Deceptive “invoices”

Domain Names Australia has been sending Schools bogus “invoices” that require payment to reserve unnecessary domain names.

Recently a company called Domain Names Australia has sent a large number of what appear to be invoices to the Division: usually addressed to individual Schools or Centres. The letters request payment for the registration of domain names.

The organisation responsible for regulating domain names in Australia, .au Domain Administration Pty Ltd (auDA) has taken action against Domain Names Australia in the Federal Court for deceptive conduct as a result of letters such as the ones received recently in the University. More details on Domain Names Australia can be found on the auDA website at http://www.auda.org.au/news/dadn/ [link updated]


If you have paid Domain Names Australia please let the cehelpdesk know and we will inform auDA. Should the auDA action be successful it may be possible to recover some or all of the money paid to Domain Names Australia.

09 December 2003

Wireless Working Party

The Working Party has recommended wireless expansion to the University network.

The University Information Management Systems Committee (UIMSC) established the Wireless Working Party to oversee developments in wireless networking at the University of Canberra.

After a number of meetings, discussions and reviews of wireless implementations at other organizations (including other Australian universities), the Working Party has developed a draft Implementation Plan for wireless networking on the Bruce campus. The Working Party recommended that UIMSC endorse the roll out the infrastructure necessary to support suitably authenticated computers connecting to the University network using 802.11b and 802.11g wireless standards on the UC Bruce campus.

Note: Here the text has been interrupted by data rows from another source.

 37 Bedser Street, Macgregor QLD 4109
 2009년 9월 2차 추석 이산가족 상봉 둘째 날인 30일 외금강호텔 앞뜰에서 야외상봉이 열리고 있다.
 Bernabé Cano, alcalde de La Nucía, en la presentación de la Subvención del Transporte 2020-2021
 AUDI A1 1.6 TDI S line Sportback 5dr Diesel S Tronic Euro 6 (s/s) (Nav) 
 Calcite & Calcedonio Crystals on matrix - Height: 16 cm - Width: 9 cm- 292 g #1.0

Web Content Management System

A Web CMS should be trialled on campus to see whether it suits our requirements and makes it easier for the University to develop and maintain its Web presence.

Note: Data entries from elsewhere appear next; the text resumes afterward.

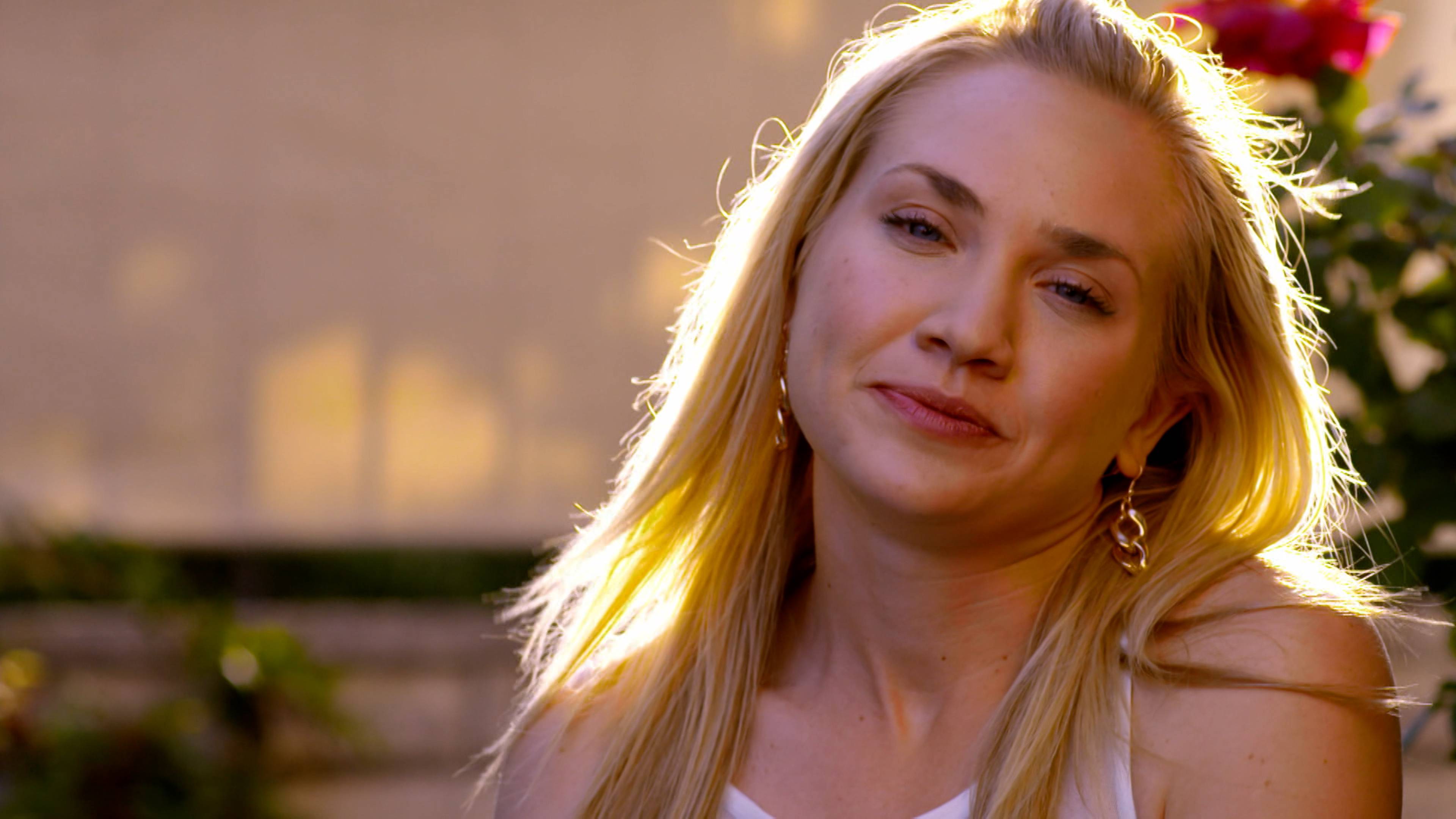 هناك من يراقبك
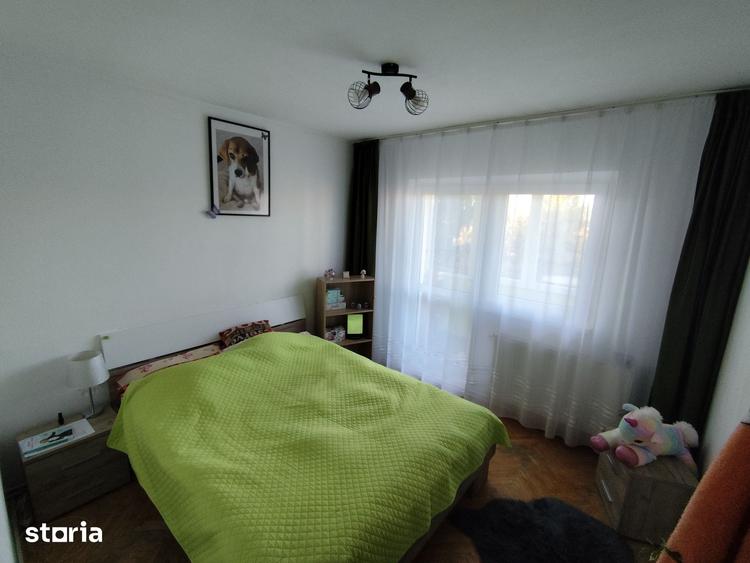 Apartament cu 3 camere decomandat în Tilișca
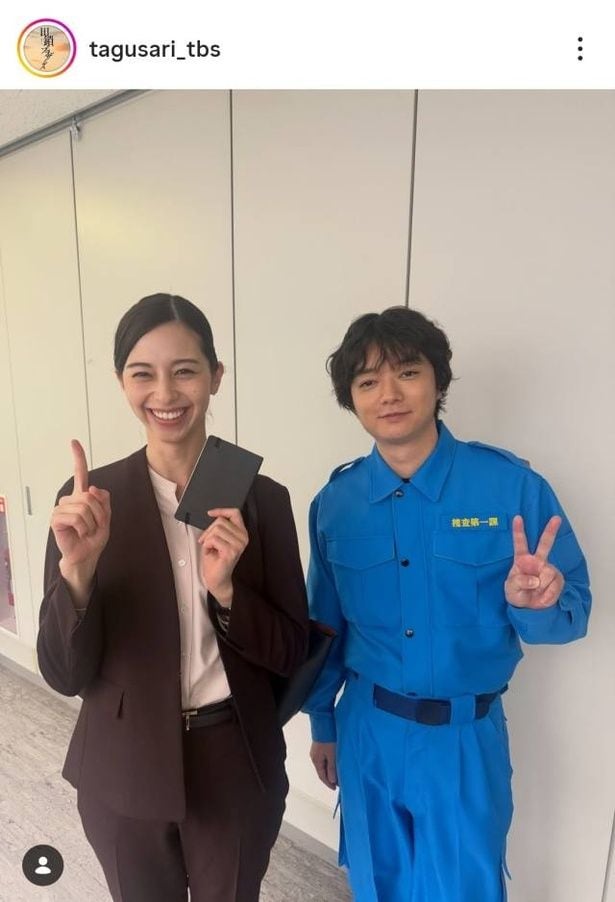 【写真】染谷将太&中条あやみ、笑顔が素敵な仲良しオフショット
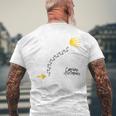 ポルトガルの道の痕跡、カミーノ・デ・サンティアゴ メンズTシャツ バックプリント 高齢者への贈り物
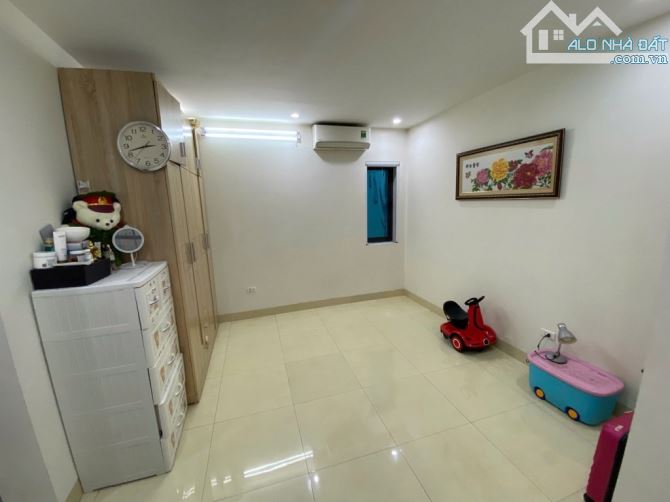 BÁN NHÀ giá êm 9.5 tỷ ( 57.2 m2)  Gia Quất ngõ to như phố ô tô nhỏ lùi cửa nhà , kh - 2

A University working party was established to investigate the introduction of a Web Content Management System (CMS) to facilitate the management of the University's web pages. The working party has completed its investigations and has recommended the trialling of a system as the next stage in the process.

Adobe Software Audit

Adobe is coming to review the University’s use of Adobe software.

Adobe Systems has advised the University that it will be reviewed under Adobe’s Awareness Compliance Education Review program. The Review will be carried out sometime between 1 December 2003 and 29 February 2004 and will cover:

  • visiting those responsible for purchasing software licences to see how many licences have been purchased;
  • review the software purchasing, distribution and monitoring processes in place;
  • talk about software asset management and total cost of ownership; and
  • report on the adequacy of the current level of licensing and how to manage the level of licensing.

Software Licensing

Don’t take the software installed on your computer for granted: it may not be legal to use it for anything other than teaching purposes.

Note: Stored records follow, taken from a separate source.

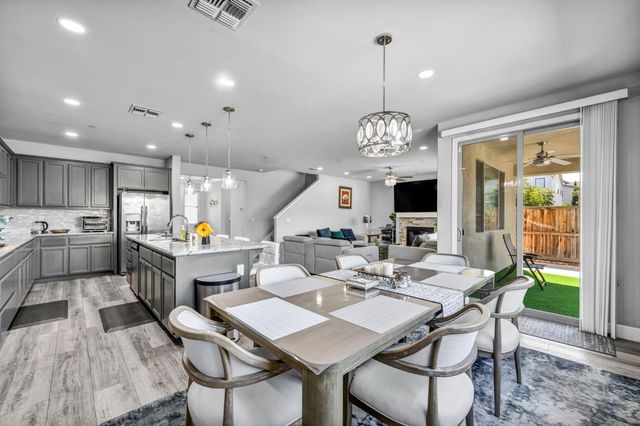 1693 Harvest Ln, Manteca, CA 95337
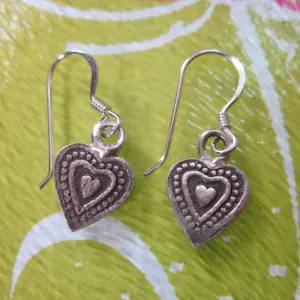 Fein Silber 925 Ohrringe Damen Schmuck Tribal klein schön süß Herzen datiert - Bild 1 von 6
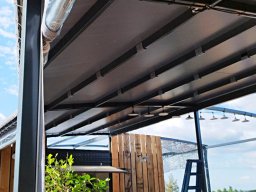 20220607 Pergola en toile pour Caveau de vente des vins de faugères (3)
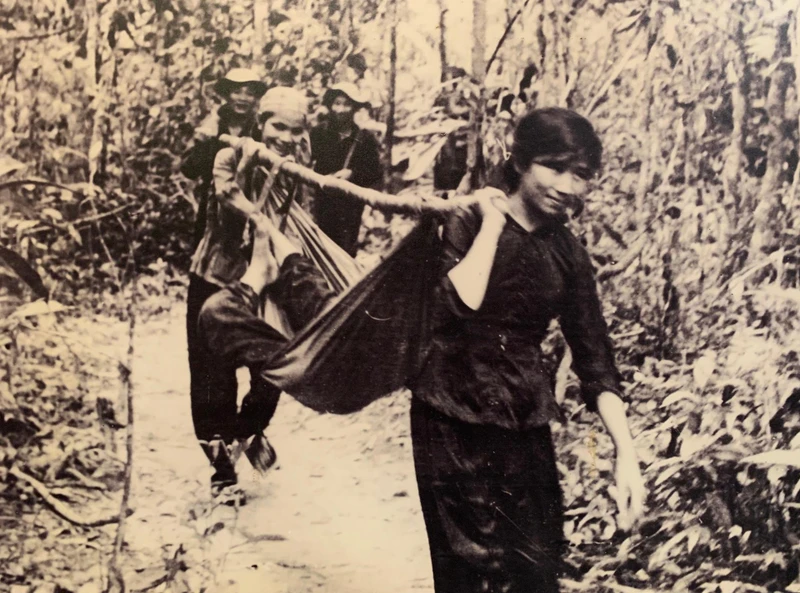 Cáng thương binh về hậu cứ. (Nguồn: Bảo tàng Phụ nữ Việt Nam/TTXVN)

Application and system software installed on University computers is licensed: the exact conditions vary from package to package but generally the software from for example Microsoft, Macromedia, Adobe, Apple, QSR and SPPS is licensed for educational use only. No University licensed software should be used for any commercial purpose unless written approval for its use is obtained from the supplier or the University's legal representative.

Include the cost of full commercial versions of required software when developing budgets for commercial projects, if suitable licensing arrangements are not already in place. Maintenance and support arrangements should also be organised since the TSU may not be able to provide the required level of support for additional software installations.

Memory sticks/external drives

The recent increase in new external data storage devices like memory sticks, USB drives and other devices is changing the way people move data around.

The Division is investing its resources in network storage: because of their fragility, risk of loss and cost, removable or transportable media like floppy disks, Zip drives and so on are being phased out in preference to increasing the Division’s online network storage capacity. Staff that require removable media to transport data around outside the network are encouraged to purchase their own drives or devices to accommodate their requirements. All new computers have CD burners installed for transporting larger files and archiving.